Simultaneously with the offset regression, the network learns to predict the centroid heatmap \({\hat{y}}_\text {c}\) that estimates the locations of the centroids of all visible instruments in the image. Finding the centroids besides the offsets seems redundant, but we have found that it reduces the complexity of assigning pixels to instances, as without centroids the offset predictions would first have to be clustered with an unknown number of instances. The ground-truth \(y_\text {c}\) of the centroid heatmap is generated by placing unnormalized Gaussian functions centered on the median of each instance mask and setting \(\sigma =20\). Where multiple Gaussian functions overlap, the maximum value is used. The training minimizes the penalty-reduced pixel-wise focal loss between the predicted heatmap and the ground-truth as in [19],

$$\begin{aligned}&L_\text {c}({\hat{y}}_\text {c}, y_\text {c}) \nonumber \\&\quad = -\frac{1}{N} \sum _{{\mathbf {p}}} {\left\{ \begin{array}{ll} (1-{\hat{y}}_\text {c}({\mathbf {p}}))^{\alpha }log({\hat{y}}_\text {c}({\mathbf {p}})) &{}\quad \text {if } y_\text {c}({\mathbf {p}}) = 1, \\ (1-y_\text {c}({\mathbf {p}}))^{\beta }({\hat{y}}_\text {c}({\mathbf {p}}))^{\alpha }log(1-{\hat{y}}_\text {c}({\mathbf {p}})) &{}\quad \text {otherwise,} \end{array}\right. }\nonumber \\ \end{aligned}$$
(3)

where \(\alpha \) and \(\beta \) are hyperparameters of the loss.

Finally, combining \({\hat{y}}_\text {s}\), \({\hat{y}}_\text {o}\) and \({\hat{y}}_\text {c}\) we obtain the desired instance segmentation \({\hat{y}}_{\text {ins}}\).
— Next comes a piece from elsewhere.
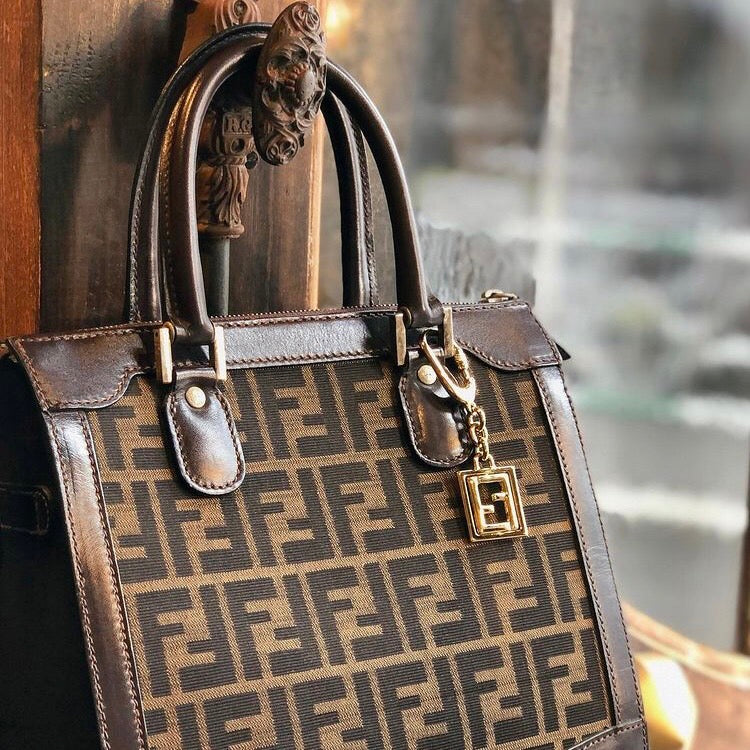 FENDI フェンディ ズッカ柄 モノグラム ハンドバッグ P31308V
During inference, we first extract a discrete set of centroids \({\mathcal {S}} = \{{\mathbf {s}}_1, \ldots , {\mathbf {s}}_S\}\) from the centroid heatmap \({\hat{y}}_\text {c}\) by performing non-maxima suppression following the method of [19]. We limit the maximum number of extracted centroids to 4, as a maximum of 3 instruments and an additional ultrasound probe can be visible at any given time. The instance i of each pixel \({\mathbf {p}}\) is the index of the closest centroid in \({\mathcal {S}}\) according to the predicted offset,

$$\begin{aligned} {\hat{y}}_{\text {ins}}({\mathbf {p}}) = {\left\{ \begin{array}{ll} \mathop {\hbox {arg min}}\nolimits _{i} \Vert {\mathbf {p}}- {\hat{y}}_\text {o}({\mathbf {p}}) - {\mathbf {s}}_i \Vert _2 &{}\quad \text {if } {\hat{y}}_\text {s}({\mathbf {p}}) \ne 0, \\ 0 &{}\quad \text {otherwise}. \end{array}\right. }\nonumber \\ \end{aligned}$$
(4)

Network architecture To produce the three intermediate outputs, we use an autoencoder architecture with skip connections as depicted in Fig. 2. A single encoder processes the input image and two independent decoder heads produce the instrument segmentation \({\hat{y}}_\text {s}\) and the centroid-related predictions (\({\hat{y}}_\text {o}\), \({\hat{y}}_\text {c}\)). For the encoder, we choose the EfficientNet-B0 architecture [15] due to its high-performance and lightweight nature. We use long skip connections from the encoder to the decoders for the last three encoder blocks. Our decoders are lightweight, with an upsampling operation followed by two conv-norm-relu blocks. Due to the GPU memory limitations, we use group normalization [17] instead of batch normalization, which has shown to work better for small batch sizes. The final convolutional block consists of three conv-norm-relu layers.

Instrument classification

This component consists of a classifier that predicts the type of each instrument visible in the image. To this end, we leverage the feature maps and the instance segmentation masks produced in the previous component. As shown in Fig. 2, the classifier receives the last feature map \(f_{\text {seg}}\) of the \({\hat{y}}_\text {s}\) decoder as input. Since these features are used to segment instrument parts, we expect them to be descriptive enough for the task of instrument classification. However, in order to classify each instrument i independently, we mask the feature map \(f_{\text {seg}}\) with the predicted instance mask \(m_i({\mathbf {p}})= \mathbb {1}[{\hat{y}}_{\text {ins}}({\mathbf {p}}) = i]\). This operation hides irrelevant background information and visual information corresponding to other instruments and keeps only the features of the instrument instance i. Formally, the input to the classifier is the collection of pixel-wise products \(f_{\text {seg}}\cdot m_i\) for all different instances i contained in \({\hat{y}}_{\text {ins}}\). Note that, by abuse of notation, the pixel-wise product is applied over all channels of \(f_{\text {seg}}\). We pass the masked features through a shallow classification CNN. The classifier outputs the probability distribution \({\hat{y}}_\text {t}\) over the set of instrument types. The training minimizes the weighted cross-entropy loss between the predicted probabilities and the real class,

$$\begin{aligned} L_{\text {t}}({\hat{y}}_\text {t}, y_\text {t}) = -\sum _c w_c \cdot y_\text {t}(c) \cdot \log {\hat{y}}_\text {t}(c), \end{aligned}$$
(5)

where the weights \(w_c\) are the inverse instrument type class occurrence statistics and the ground-truth \(y_\text {t}\) is the one-hot encoding of the true class.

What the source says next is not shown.